(Beginning of DATA PROVIDED)
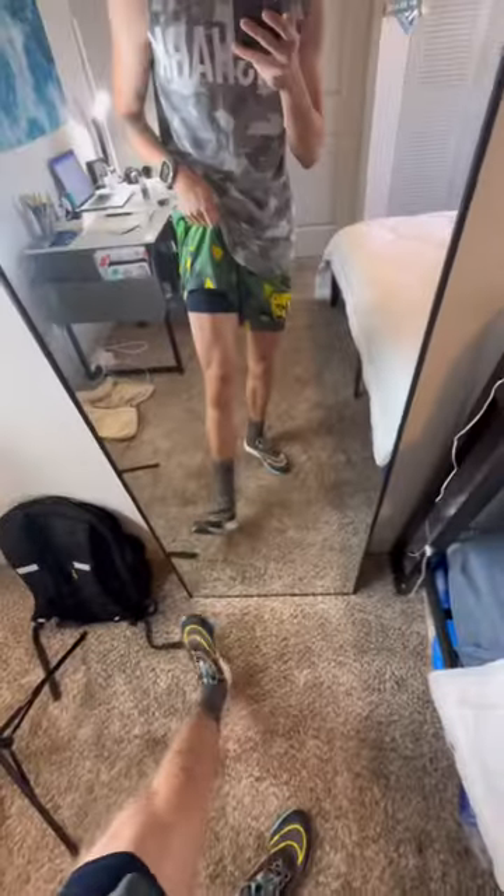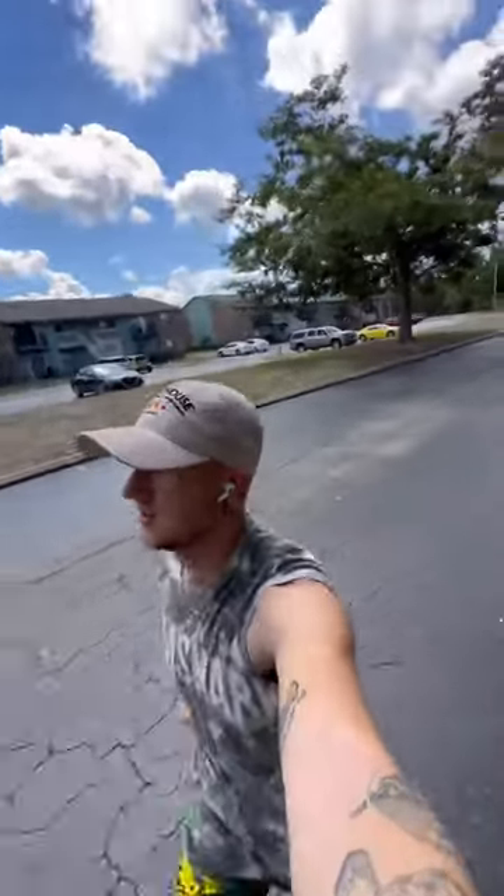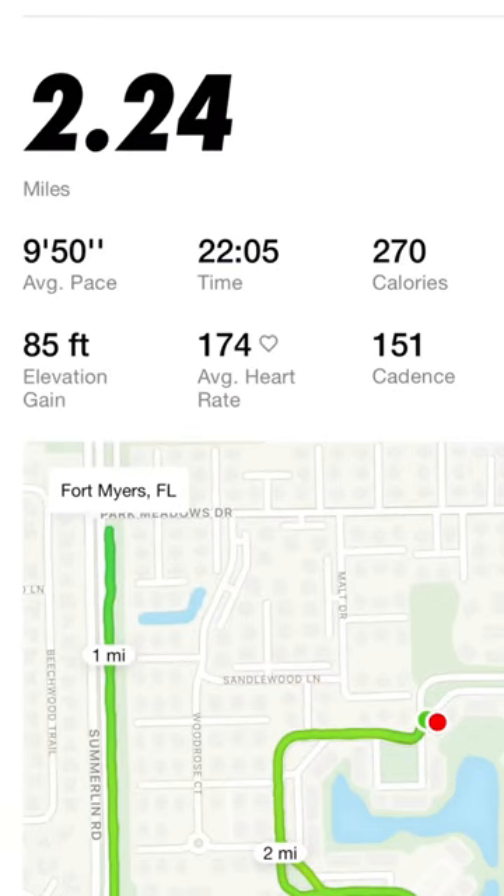Put some muscle gel on, of course. That's the fit — flex the legs, that's what the thighs are looking like, another little arm flex. And here I am finishing up my little run, just went a little two miles in 22 minutes.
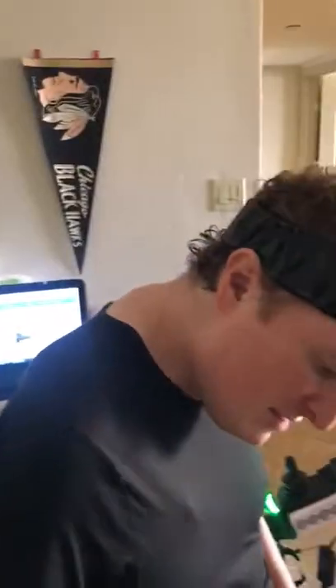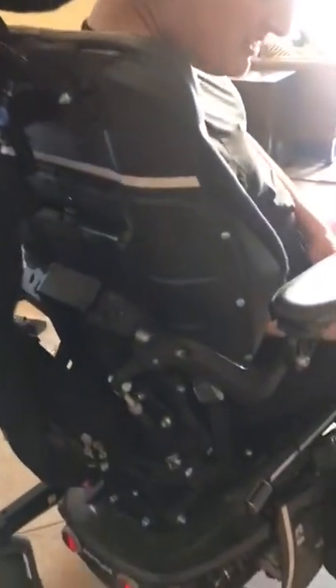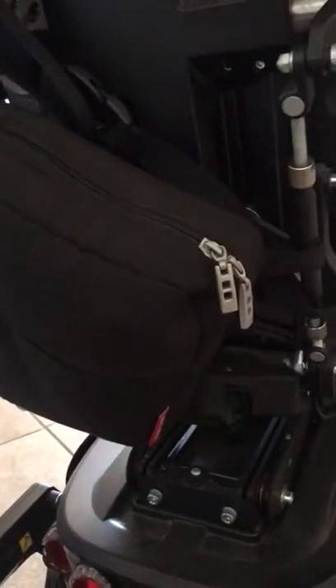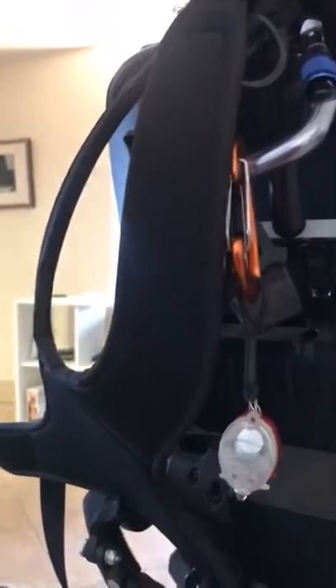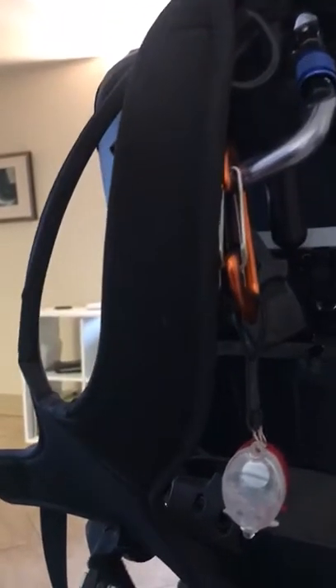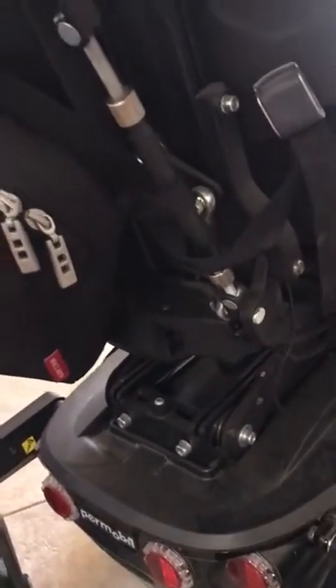On the back of the chair, on the bottom there's a bag that holds things — it's kind of like my purse. Above that there are a bunch of carabiners that I use to hook bags, so I can carry things for other people. There's also reflective tape that helps people see me.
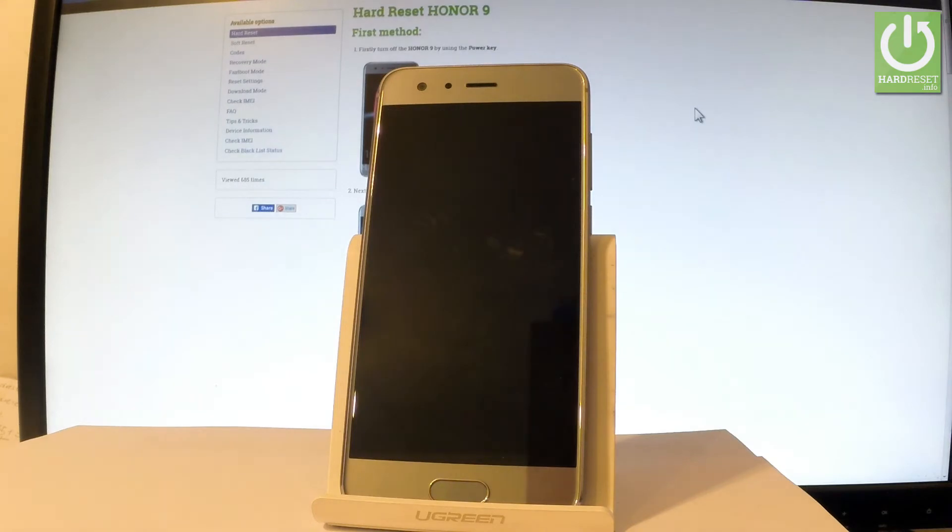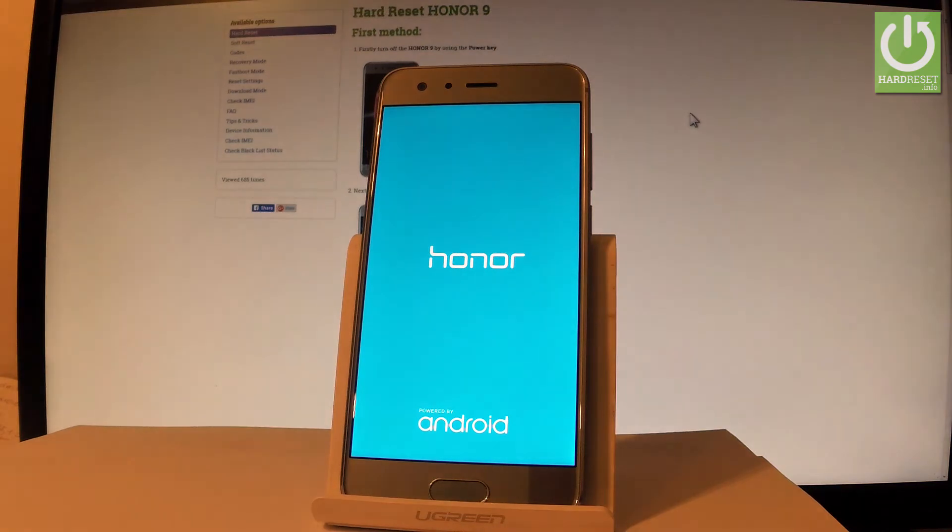Now the device is performing a hard reset operation. The phone is erasing all personal stuff and customized settings. The whole operation should take a while, so be patient and wait until it's finished completely.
(End of DATA PROVIDED)
> REQUIREMENT:
The pictures in the listing above are to be dropped, and everything else reproduced exactly.

> EXERCISE ANSWER:
Put some muscle gel on, of course. That's the fit — flex the legs, that's what the thighs are looking like, another little arm flex. And here I am finishing up my little run, just went a little two miles in 22 minutes.
On the back of the chair, on the bottom there's a bag that holds things — it's kind of like my purse. Above that there are a bunch of carabiners that I use to hook bags, so I can carry things for other people. There's also reflective tape that helps people see me.
Now the device is performing a hard reset operation. The phone is erasing all personal stuff and customized settings. The whole operation should take a while, so be patient and wait until it's finished completely.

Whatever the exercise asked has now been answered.